Terrestrial ecosystems also strongly affect climate through their control over albedo and evapotransipiration5,6,8,16,21,22. Vegetated surfaces—especially forests—typically have lower albedos than bare ground and therefore absorb more incoming solar radiation. The reduction in net radiation (Rn) associated with deforestation has a cooling effect on the climate5,22,23—sometimes even outweighing GHG-induced warming5,18. Counteracting this, clearing vegetation reduces evapotranspiration and associated latent heat flux (LE). Without the vegetation, energy normally used to evaporate water instead heats the land surface6,8,14,22,23. Understanding the counteracting effects of Rn and LE is key to quantifying the climate regulation values (CRVs) of different ecosystems1.
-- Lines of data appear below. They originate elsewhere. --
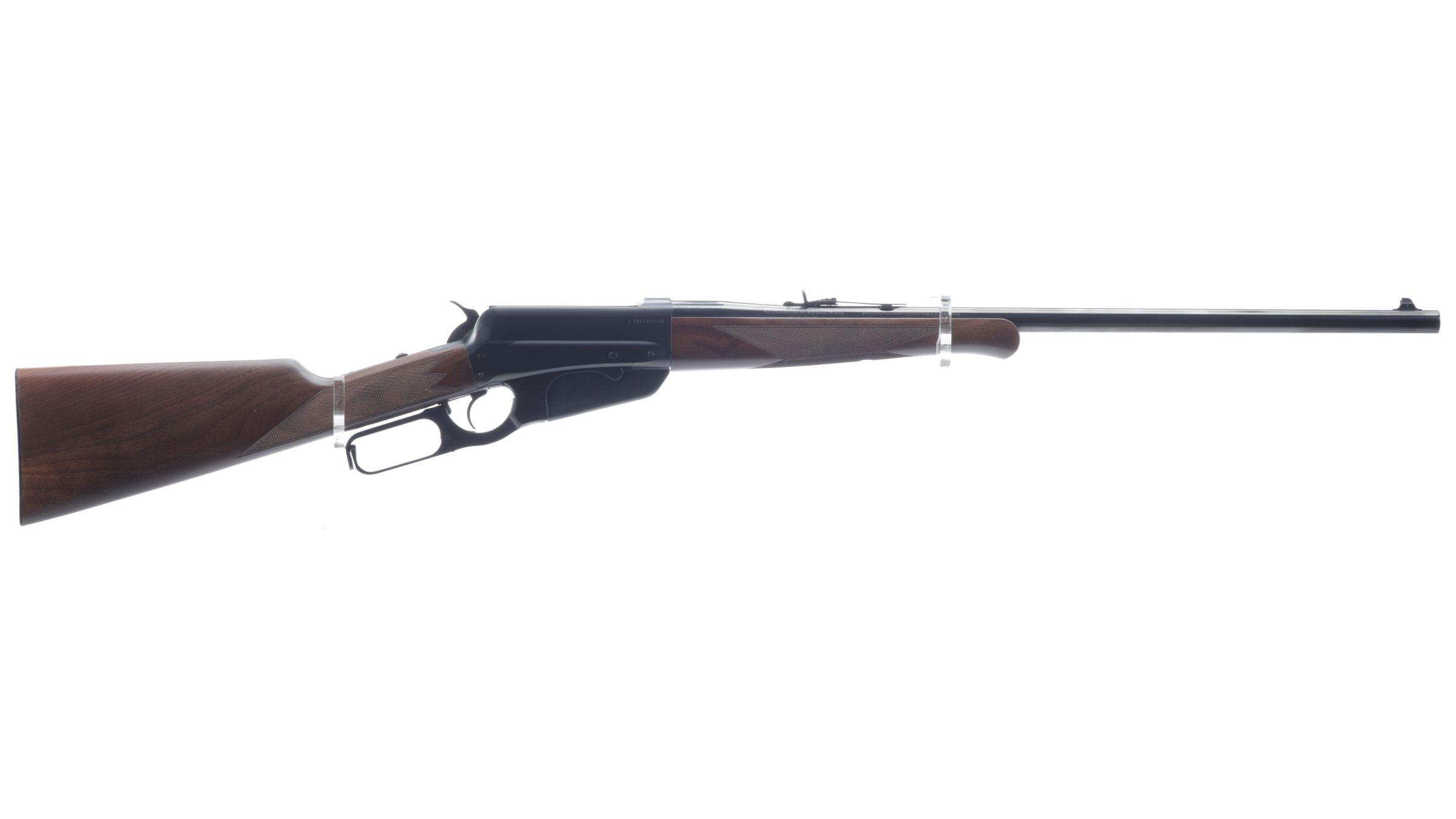 Winchester Model 1895 Lever Action Rifle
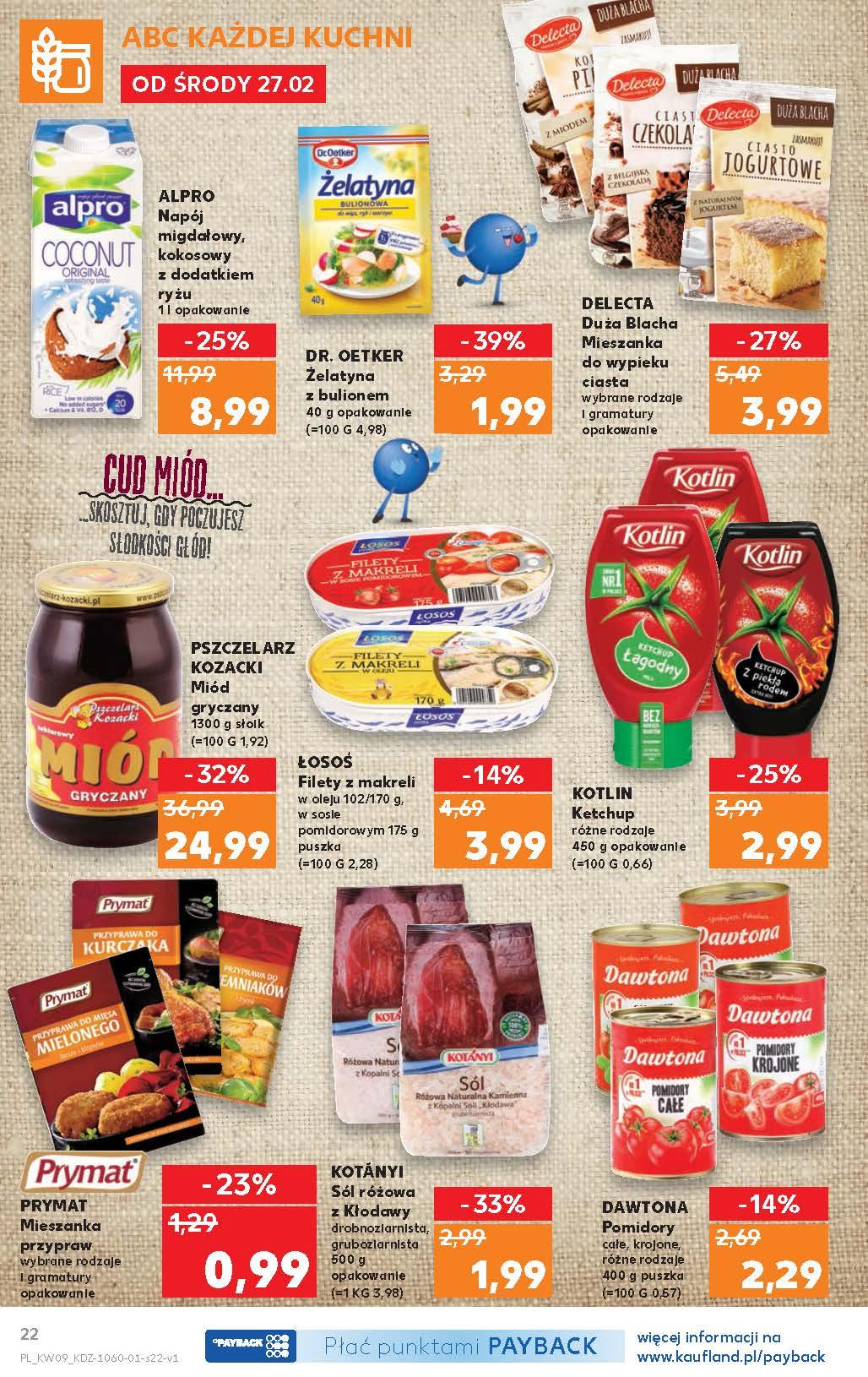 Gazetka promocyjna Kaufland do 06/03/2019 str.22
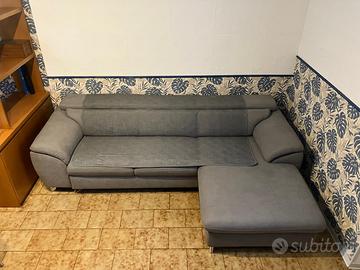 Divano angolare elettra - anche divano letto -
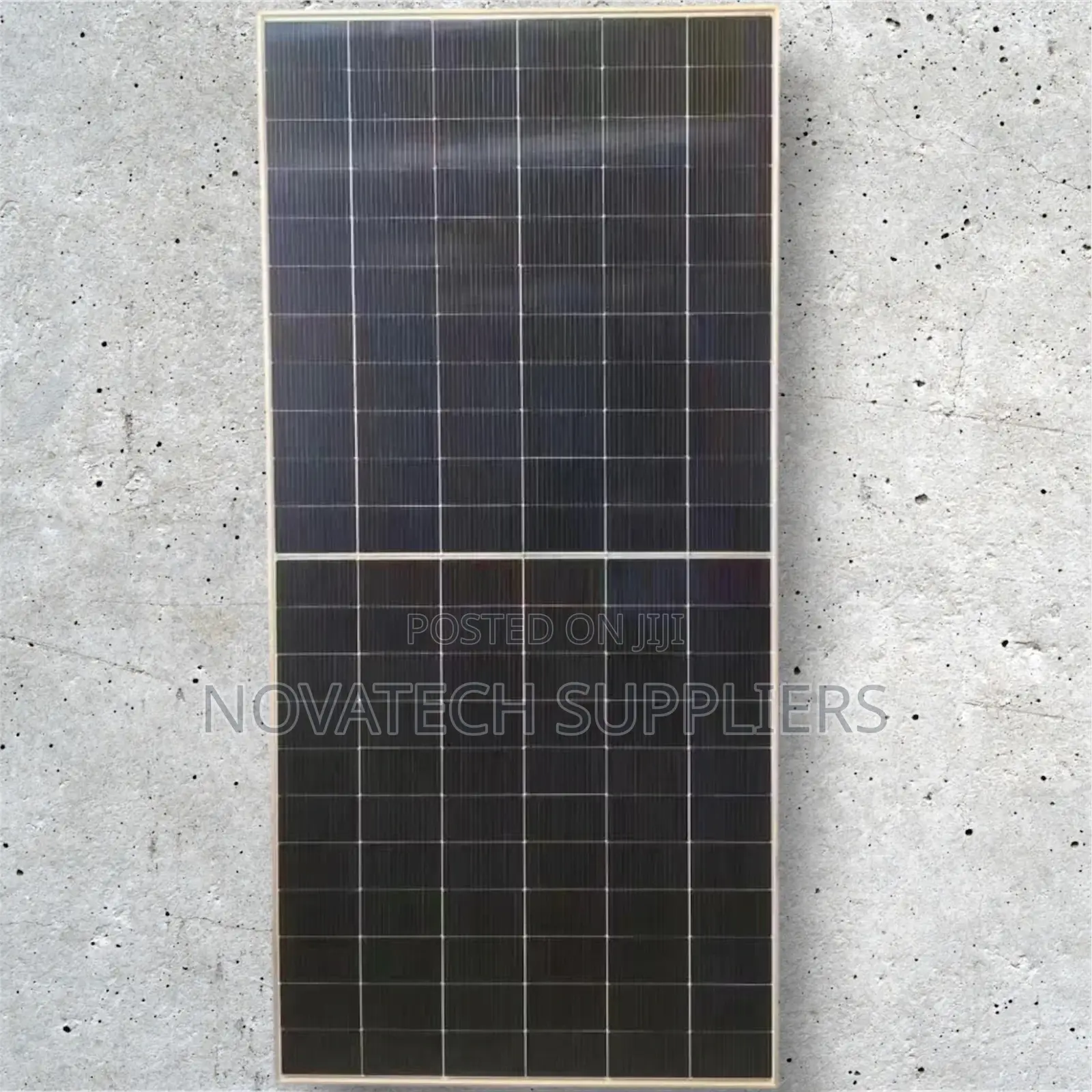 550W Mono Crystalline Solar Panels Barc Rm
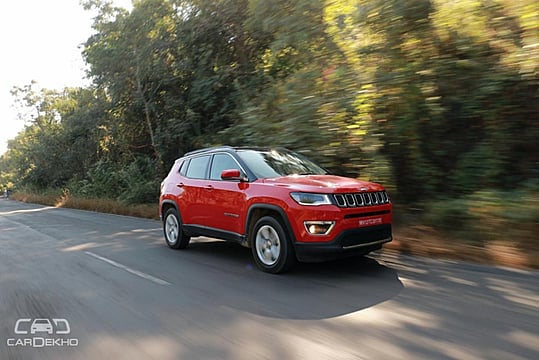 Jeep Compass Petrol Automatic Now More Affordable, Priced From Rs 18.9 Lakh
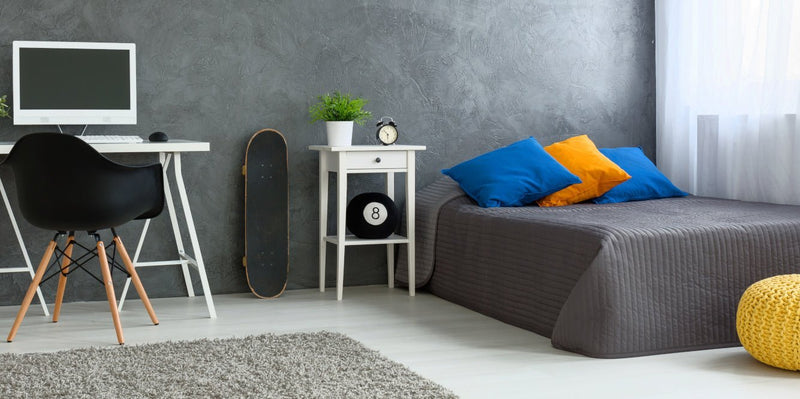 Hoe verander ik de kinderkamer in een tienerkamer?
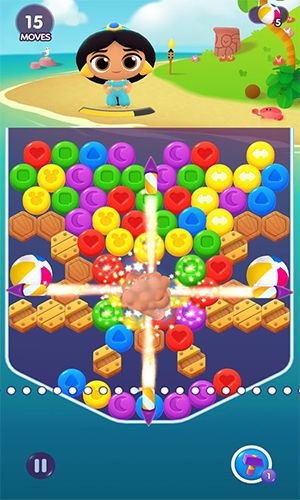 Disney Getaway Blast Mod APK Android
Policies that affect land use may serve as one effective strategy contributing to climate change mitigation2,12 or may inadvertently exacerbate the problem24. Major national and international initiatives for reduction of GHG emissions, including bioenergy mandates and the REDD+ initiative for reduction of deforestation3, enact mechanisms that will substantially alter land-use patterns. However, current paradigms for valuation of ecosystem climate services are limited in that most account only for biogeochemical climate services. By ignoring biophysical forcings from land-use change5,6, policy initiatives run the risk of failing to advance the best climate solutions1,2,4,7,8,9,10.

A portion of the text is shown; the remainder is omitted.